* Dataset entries
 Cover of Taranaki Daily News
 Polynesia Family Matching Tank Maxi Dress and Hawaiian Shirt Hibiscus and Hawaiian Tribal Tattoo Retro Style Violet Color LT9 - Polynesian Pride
* * *
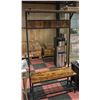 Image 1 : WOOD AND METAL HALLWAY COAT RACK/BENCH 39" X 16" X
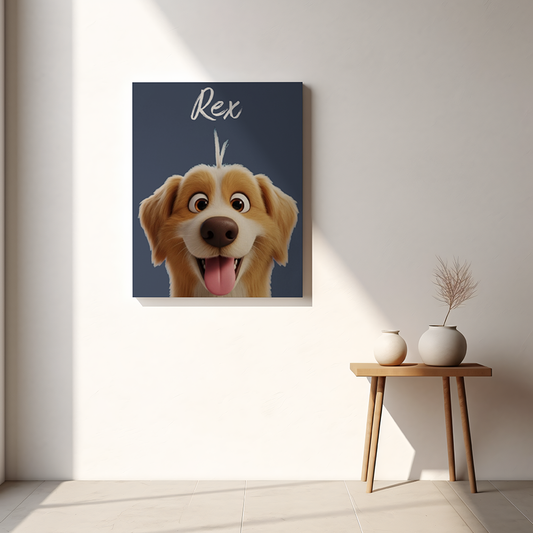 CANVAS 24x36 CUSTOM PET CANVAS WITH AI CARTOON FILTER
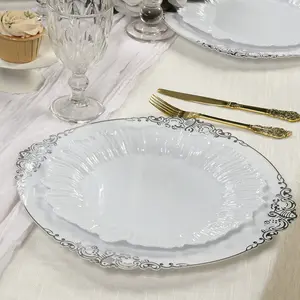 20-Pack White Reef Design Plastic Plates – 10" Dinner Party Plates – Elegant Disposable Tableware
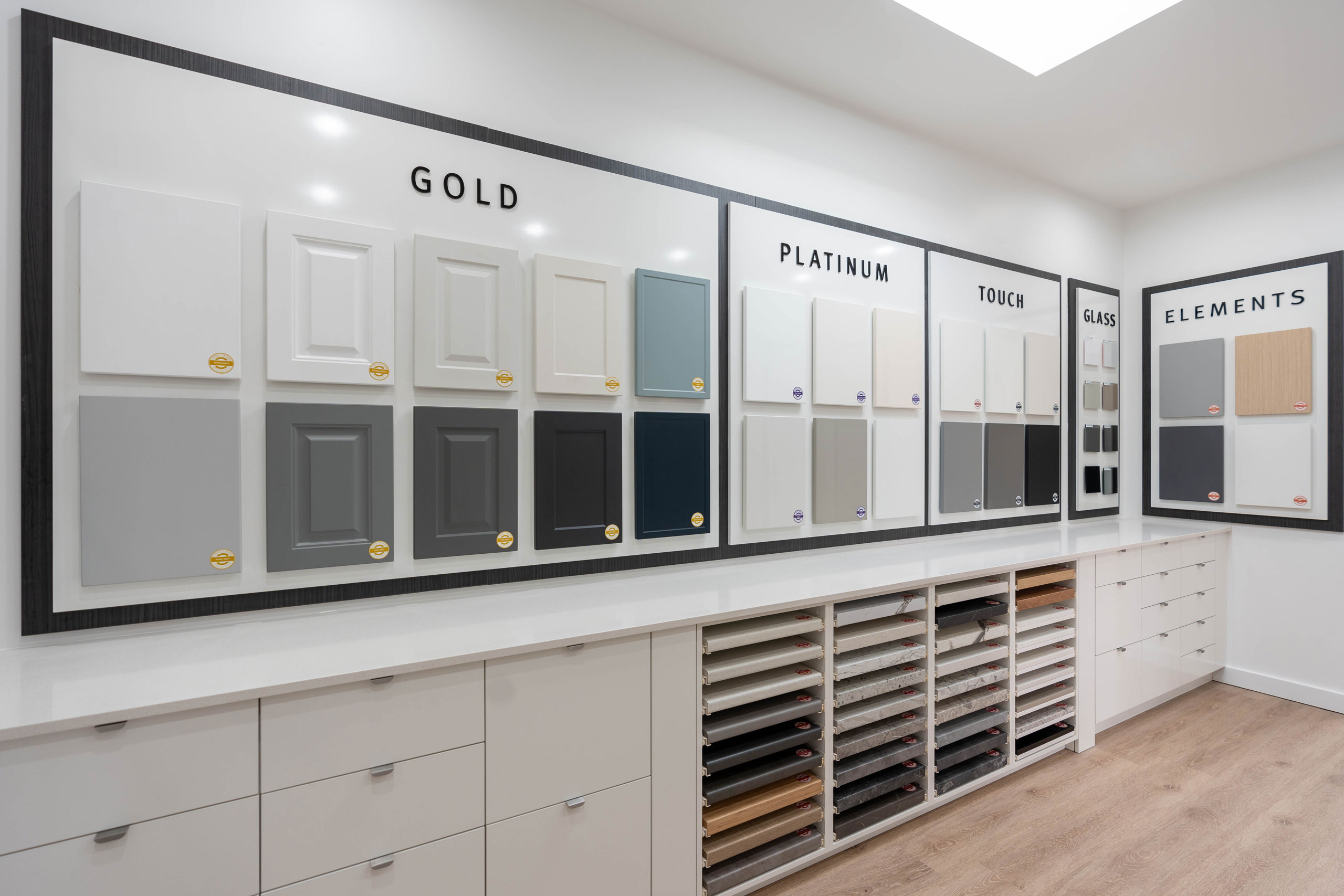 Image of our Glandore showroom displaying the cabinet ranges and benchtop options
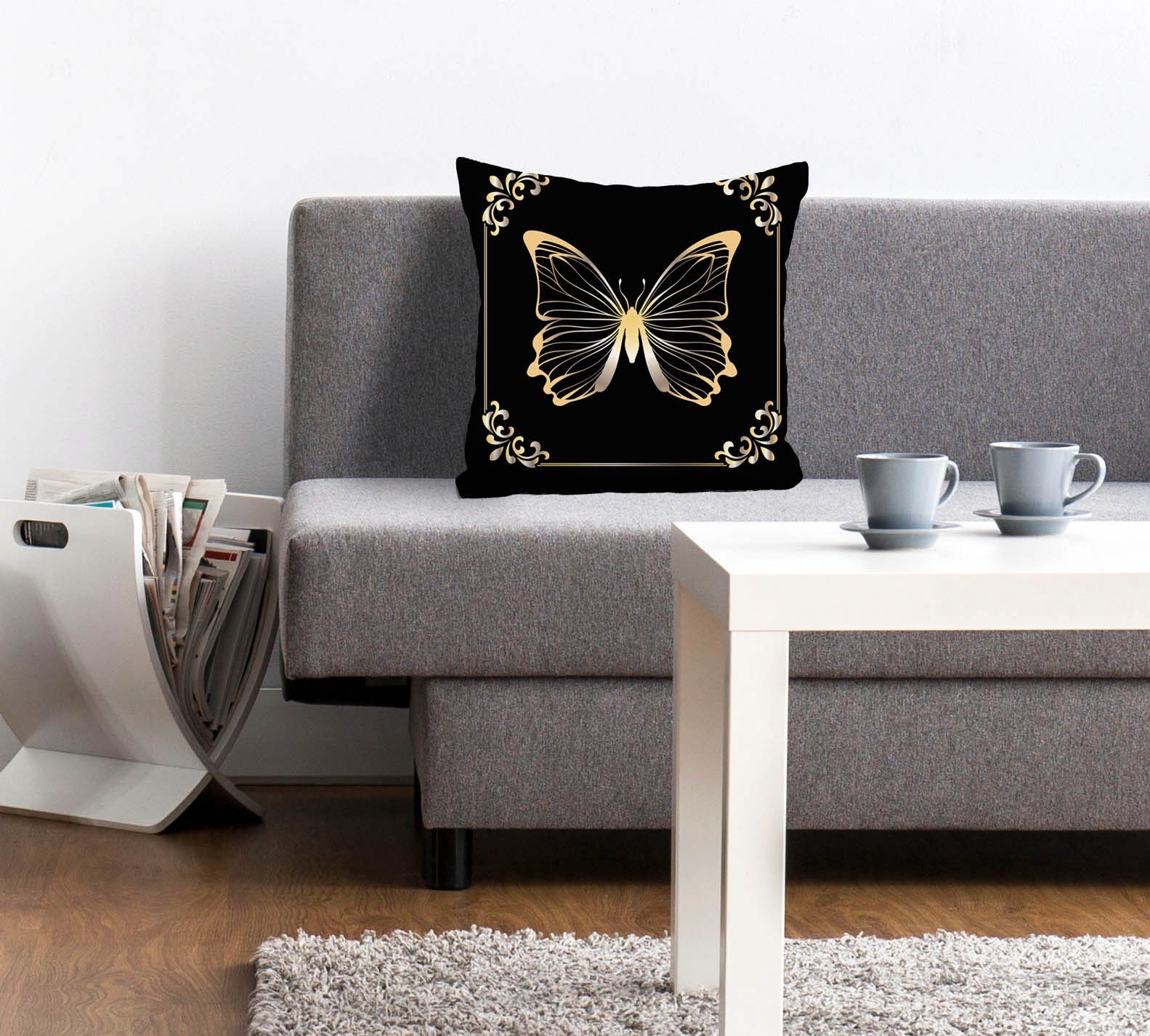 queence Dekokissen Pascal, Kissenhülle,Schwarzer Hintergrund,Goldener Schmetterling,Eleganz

* Problem statement
Working from the entries above, reproduce exactly and only the lines beginning with the line that has "CANVAS 24x36 CUSTOM" and ending with the line that has "queence Dekokissen Pascal, Kissenhülle,Schwarzer"; omit all pictures.

* Result for this task
 CANVAS 24x36 CUSTOM PET CANVAS WITH AI CARTOON FILTER
 20-Pack White Reef Design Plastic Plates – 10" Dinner Party Plates – Elegant Disposable Tableware
 Image of our Glandore showroom displaying the cabinet ranges and benchtop options
 queence Dekokissen Pascal, Kissenhülle,Schwarzer Hintergrund,Goldener Schmetterling,Eleganz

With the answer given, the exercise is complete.